Databases from Inside

10+ things you should do before building a custom Access database

2008-03-04T17:23:00.000-08:00

Whether you take on freelance work or you support your organization’s IT needs by developing custom database solutions, you must build an efficient, easy-to-use database if you plan to stay employed. Like most things, there’s a right and a wrong way. You might not get credit for doing things right, but you’ll certainly hear about it if you do things wrong.

The road to the right database starts well before you start building tables. There are a number of things you can do before you build a database to make sure that the development process goes smoothly and that your custom database fits the organization’s purpose and goals. The following tips are aimed as Access users, but most of them apply to just about any custom database.

#1: Make nice

You’ll get nowhere without the support and guidance of two specific groups of people:

Those who update the data. These people know what’s needed to get the job done.
Those who use the information. These people know the goals for the database and the business at large.

In a small company, one person might fill both positions, although they have different needs. However, that person’s experiences with the data are valid. It’s your job to find solutions that satisfy everyone, within reason.

#2: Bend but don’t break

Being just a developer won’t get the job done. Sometimes, you must be a diplomat. I recommend that you practice the art of persuasion: “Let me show you something…” will serve you better than “That can’t be done.” This may require you to think fast on your feet. Of course, “Let me work up an example” can always buy a little time.

#3: Actually review their specs

Sometimes, you get lucky and someone in-house supplies a list of specifications. If that happens, it’s information worth keeping, so don’t be too eager to trash the list. Working with those original specs will save you some time and might keep you from stepping on someone’s toes — never a good idea if you can help it.

#4: Compare the specs to the working environment

Most Access databases have just a few users, but Access can handle numerous users. You probably won’t build an interactive intranet database the same way you’d build the solution for a single user.

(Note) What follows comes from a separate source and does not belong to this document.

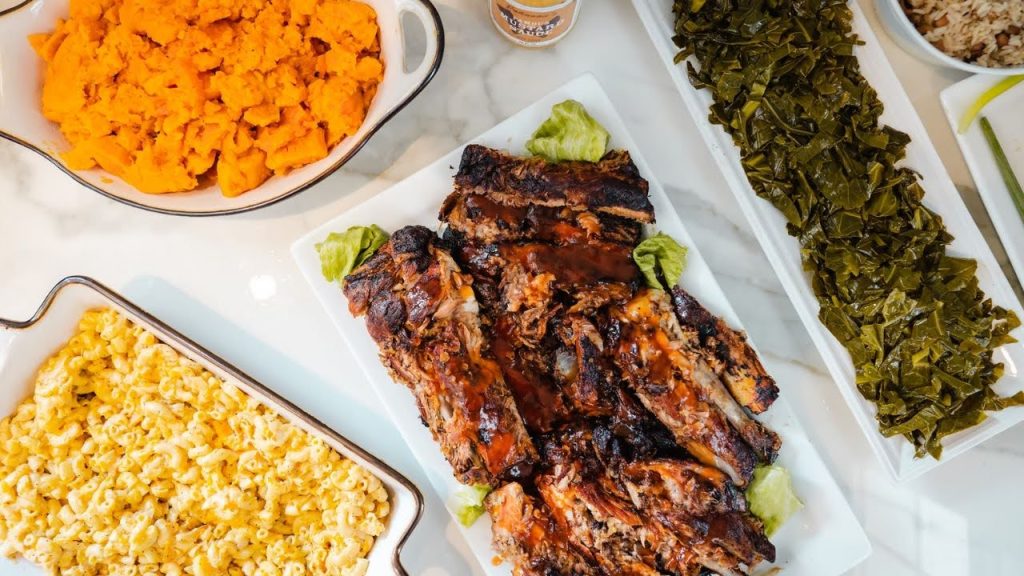 A photo of ribs, collard greens, mac and cheese, and sweet potatoes from Johnson's Bar-B-Q in the Bronx. 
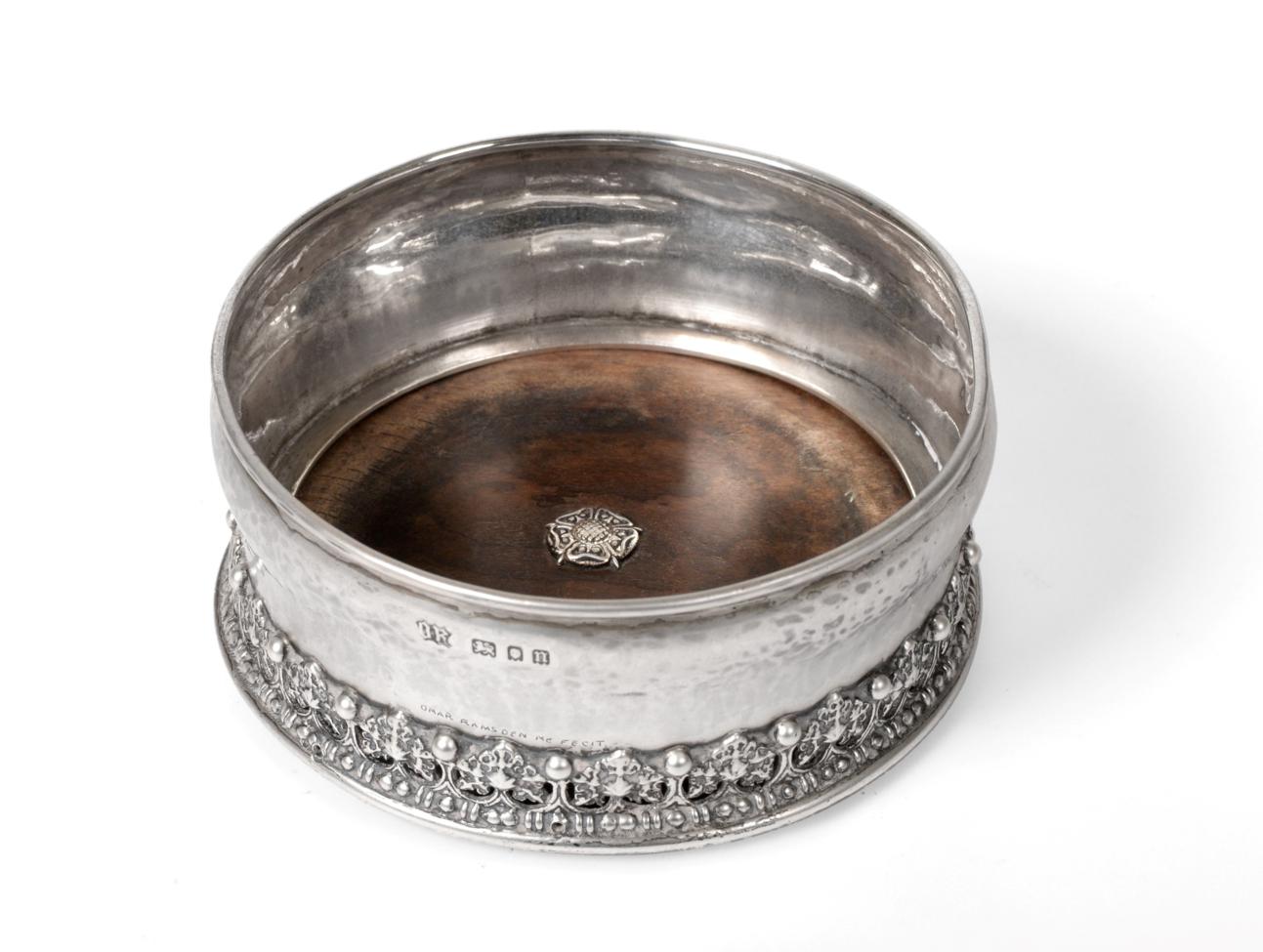 Lot 509 - An Arts & Crafts Silver Wine Coaster, Omar Ramsden, London 1928, with spot-hammered finish and...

Access seldom fails to meet the demands if you develop for multiple users from the beginning.

#5: How many keys are there to the front door?

Keeping hackers out of your intranet or Web-based database is much more complex than using Access’ workgroup security. In fact, if you need this article and you’ve taken on a Web-based database project, you might have bitten off more than you can chew — good luck! Access is certainly up to the challenge, but the truth is, most developers aren’t. That’s why IT professionals scoff at Access. The sad truth is, many developers don’t understand the Web. If you’re one of them, don’t take on a Web project hoping to learn on the job. You and your client will pay too high a price.

#6: Do the work

Sit down with the people who do the work and learn the process:

Review all paper forms in the current process.
How much data — both records and fields — will the database store?
How much searching and sorting will the users require?
Where does the data come from? Will the system need to accommodate foreign data?
Will the system export data to foreign formats?
Review the current reports and analysis. Talk with the people who use them, for insight.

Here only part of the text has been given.